Sandia LabNews

Chemists discover new pathway in soot formation


Team that discovered a new mechanism leading to soot formation
SOOT DISCOVERY — Craig A. Taatjes, left, and David L. Osborn were part of a team that discovered a new mechanism leading to soot formation. (Photo by Loren Stacks)

Chemists at Sandia’s Combustion Research Facility have discovered a new mechanism leading to soot formation, providing new facts to make models of soot formation more predictive, furthering DOE’s goal of reducing soot formation in practical combustion devices.

“This work is important because it shows how the process of molecular weight growth that eventually leads to large carbon-rich soot precursors is not simply a path through the lowest-energy structures,” says Craig A. Taatjes a co-author on the paper. “We discovered that the kinetics is more complex than first imagined, and the preferred route may in fact lead through higher energy isomers.”

The work is featured in the October issue of Journal of Physical Chemistry Letters in a paper titled, “Time- and Isomer-Resolved Measurements of Sequential Addition of Acetylene to the Propargyl Radical.” Authors of the study include John D. Savee, Talitha M. Selby, Oliver Welz, Craig A. Taatjes, and David L. Osborn.

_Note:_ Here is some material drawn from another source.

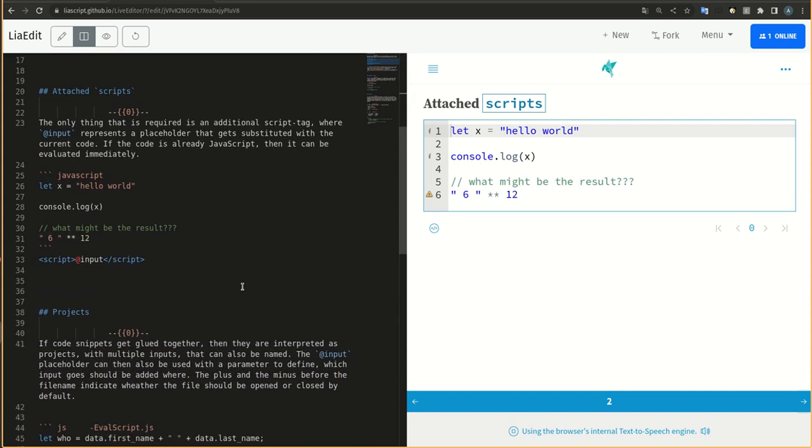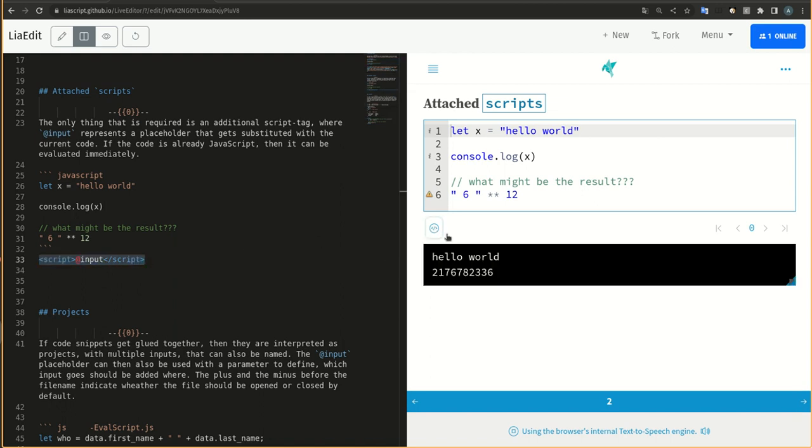The only thing that is required is an additional script tag, where @input represents a placeholder that gets substituted with the current code. If the code is already JavaScript, then it can be evaluated immediately.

The Sandia team directly measured a reaction sequence in which multiple acetylene molecules (C2H2) react with a propargyl radical (C3H3). In a flame where more fuel is present than is needed, harmful soot can form. Acetylene is a ubiquitous molecule formed in such rich combustion environments, regardless of the fuel being burned. Many modelers have suggested that reactions of small free radicals with acetylene represent an important pathway to soot formation in these rich flames. However, the exact chemical mechanism — the pathways by which the atoms in the molecules form new bonds and rearrange during reaction — had not been measured directly.

Using tunable energy photons from the Advanced Light Source synchrotron at Lawrence Berkeley National Laboratory, the Sandia team discovered the reaction mechanism, and the fact that it changes significantly over the relatively small temperature range of 800-1,000 K.

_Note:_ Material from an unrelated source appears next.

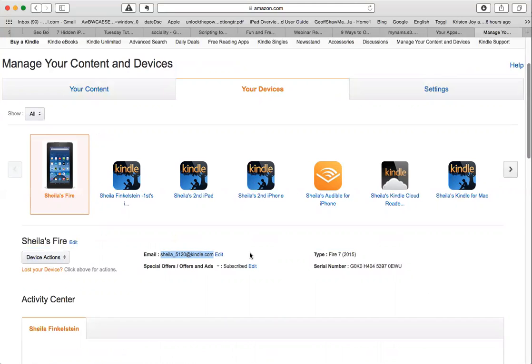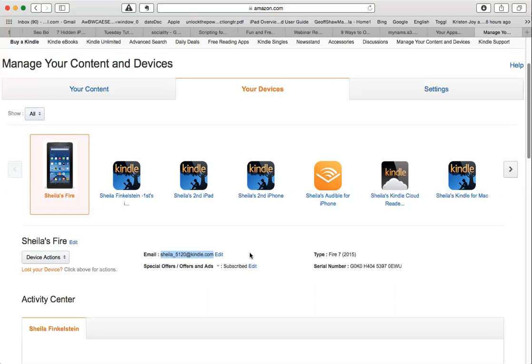When you receive it, it will go straight to your Kindle app and your regular Kindle, and it will wind up in documents. Thanks for looking over the book, I look forward to your feedback.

Surprisingly, the C7H7 reactive intermediate (i.e., a propargyl that has added two acetylene molecules) in this sequence is not the most stable C7H7 species, the benzyl radical (a six-membered benzene ring with a –CH2 substituent), as normally assumed in combustion models. Rather the authors could show through the photoionization spectrum that the intermediate is the tropyl radical, a seven-membered ring. This finding agrees with very recent, independent theoretical predictions of the reaction that adds the second acetylene. Finally, the team discovered that the reaction sequence terminates, after addition of the third acetylene molecule, in a two-ring aromatic compound known as indene, demonstrating a pathway to a polycyclic aromatic hydrocarbon that does not pass through a six-membered ring intermediate like benzene or the benzyl radical.

David Osborn, the lead author on the study, says one of the biggest challenges in conducting this research was measuring reference spectra of the benzyl and tropyl radicals. The authors needed to independently and reliably create these reactive intermediates by methods other than the propargyl + acetylene reaction.

“Once we proved to ourselves that we had reliable reference spectra, we could use these spectra as fingerprints of each intermediate, like a forensic scientist would do when investigating DNA evidence on alleged suspects of a crime,” David says. “With that information in hand, the result was definitive: We were quite surprised to find that this reaction forms only the tropyl radical, not the ’usual suspect’ benzyl radical.”

The next big challenge, now that this reaction mechanism has been documented over a reasonable temperature range, is to determine how important this pathway is in formation of soot precursors in real fuel-rich flames. There are several other pathways, notably the reaction of two propargyl radicals, that almost certainly form significant soot precursors in flames, but the relative importance of these mechanisms, and how they change with temperature and other conditions in the flames, remains unknown. By unraveling all the details of each pathway, researchers will move closer to a predictive computer simulation that faithfully reproduces reality.